On Feb 18, 2011, at 18:20, cricket wrote:

> On Fri, Feb 18, 2011 at 4:05 PM, Ryan Schmidt wrote:
>> 
> 
>> On Feb 18, 2011, at 06:10, Djonatan Buss wrote:
>> 
>>> I have been having the help of a friend that works with a cake but I 
>>> couldn't find the right way to see the SQL generated by cake.
>>> 
>>> In order to learn it better and understand how it makes SQL and why theres 
>>> some troubles sometimes.
>>> 
>>> So I would like to know how do I check every INSERT, UPDATE and SELECTs 
>>> that cake does.
>>> which method do I have to use, where it should be placed and thing like that
>>> 
>>> I'm using the cake default layout in order to check the SELECTS but I would 
>>> like to see the other as well...
>> 
>> The default CakePHP SQL debugging will only show you the queries that 
>> happened on this request. I too wanted to be able to see queries that 
>> happened on other previous related requests -- for example, if you submit a 
>> form that adds, edits, updates or deletes, then it will do those things, and 
>> then redirect to another page which then displays the new data; CakePHP's 
>> default only shows the queries to select the new data and not the queries to 
>> actually change the data.
>> 
>> One solution is to use the debugkit:
>> 
>> https://github.com/cakephp/debug_kit#readme
>> 
>> It adds a toolbar to your page where you can view the queries for each 
>> individual page.
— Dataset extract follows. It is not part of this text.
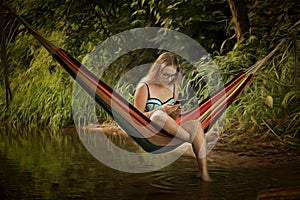 Girl in a hammock with a phone in his hand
It also has other features that may be interesting to you.
> 
> You should check out the new Cake logging features:
> http://book.cakephp.org/view/1561/Migrating-from-CakePHP-1-2-to-1-3#!/view/1194/Logging
> 
> This is exactly something I've been meaning to look into, actually.
> I'm pretty sure, based on my own cursory examination, that this is
> what you should be looking at. I'd like to hear back from anyone who's
> already done something with this.

So you're suggesting the queries should be logged to a file? That's certainly 
an option, but I prefer being able to see them directly in the web page. The 
default CakePHP query display does this, but only for queries that happened on 
that request. To see queries that happened on previous related requests, the 
debugkit can be used, but I find it inconvenient to have to click a button in 
the bar at the top and than click through each separate request to see what 
happened, every time I want to see it.

In a previous non-CakePHP project I worked on, we showed all queries since the 
last request at the bottom of the page in a debug area. Queries were simply 
stored in the session, and cleared out of the session when displayed. This area 
could be shown or hidden, and this was remembered between pages too (using a 
flag in the session). This worked well for us. I have yet to investigate how to 
build this with CakePHP but it shouldn't be too hard to do, if I spend some 
time looking at how debugkit was written.